The trade-off is durability. Redis can persist to disk, but it’s not ACID. If Redis crashes between a pop and the job completing, you might lose or duplicate work (though Redis Streams with consumer groups mitigate this significantly). For most job queue use cases, at-least-once delivery is acceptable, and Redis does that well.
Kafka
For truly high-throughput, distributed workloads, Apache Kafka is the heavyweight option. Kafka partitions give you parallel consumption with ordering guarantees per partition, durable storage, and replay capability. It’s the right tool when:
- You need to process thousands of events per second
- Multiple consumers need to read the same events
- You want event replay or audit trails
- Your architecture is already event-driven
The operational overhead is nontrivial – ZooKeeper (or KRaft), brokers, topic management, consumer group coordination. But for teams already running Kafka for other reasons, adding a job queue topic is practically free.
Choosing the Right Tool
Here’s a rough decision guide:
- Under 100 concurrent workers, simple jobs, Postgres with
SKIP LOCKEDis fine
- Moderate concurrency, want to stay in Postgres, Advisory locks or pgq
- High throughput, low-latency dispatch, Redis (Lists or Streams)
- Massive scale, distributed, event replay, Kafka
Many teams that start with Postgres (reasonably) hit scaling problems and then try to fix Postgres rather than recognizing that the workload has outgrown the tool. They throw more autovacuum workers at it, increase max_connections, add connection poolers – all of which help at the margins, but don’t address the fundamental issue: Postgres’s MVCC and locking machinery wasn’t designed for this access pattern at high concurrency.
Conclusion
Postgres is great, but it can’t be the best tool for every job. Using it as a job queue is a perfectly valid choice when your scale is modest.

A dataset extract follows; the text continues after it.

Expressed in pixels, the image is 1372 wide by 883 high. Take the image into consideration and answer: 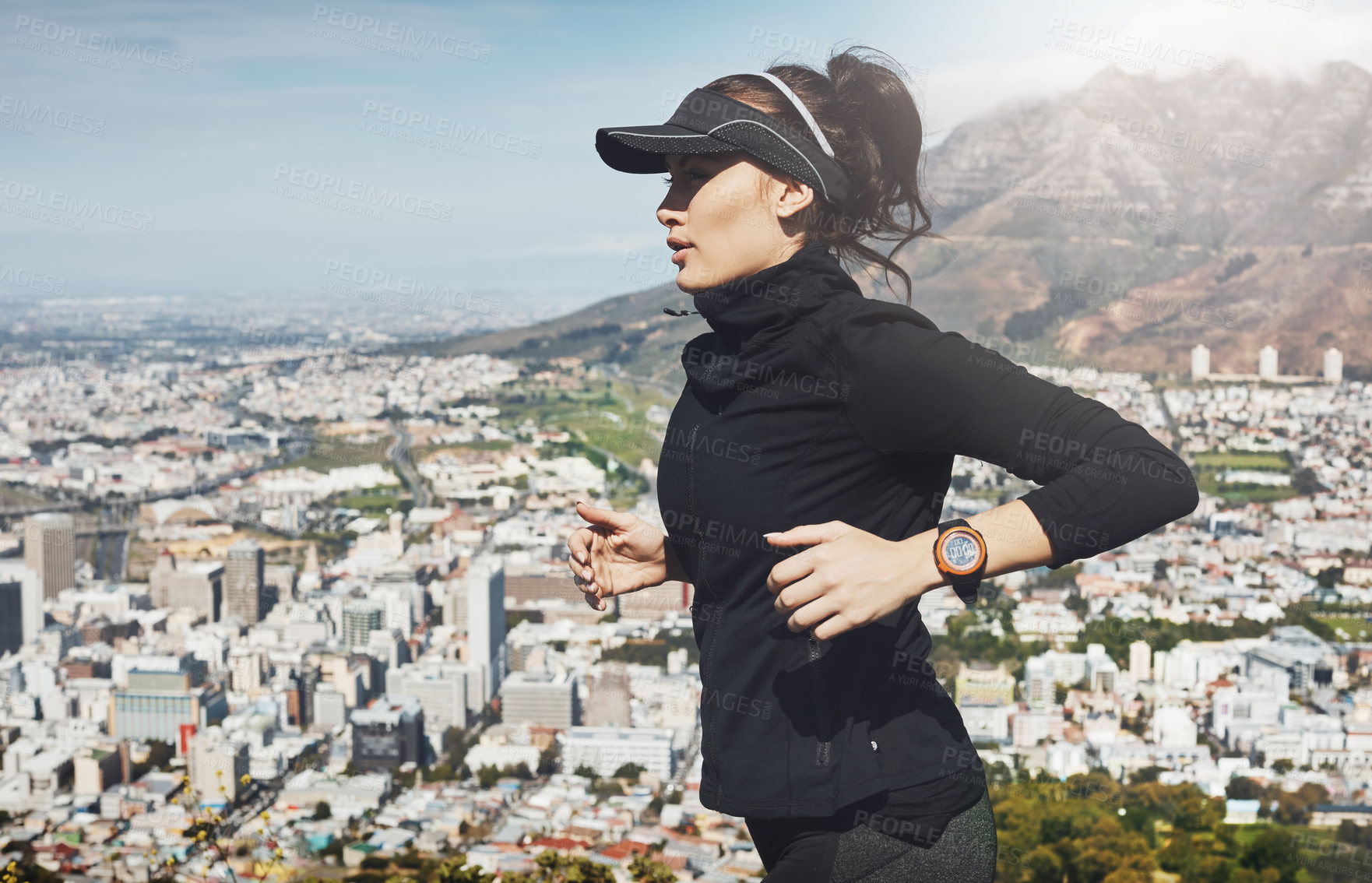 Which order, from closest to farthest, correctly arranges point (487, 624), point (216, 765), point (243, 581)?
1. point (216, 765)
2. point (487, 624)
3. point (243, 581)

But when you’re running thousands of concurrent workers, the combination of MultiXact SLRU contention, heap bloat, vacuum pressure, and raw locking overhead will eventually push you toward a purpose-built solution.
The good news is that you don’t have to rip out everything. Advisory locks can buy you headroom without adding infrastructure. Redis can handle dispatch while Postgres keeps owning the data. And if you’re already using Kafka, a job topic is a natural fit. Take your pick – there are many queueing options out there!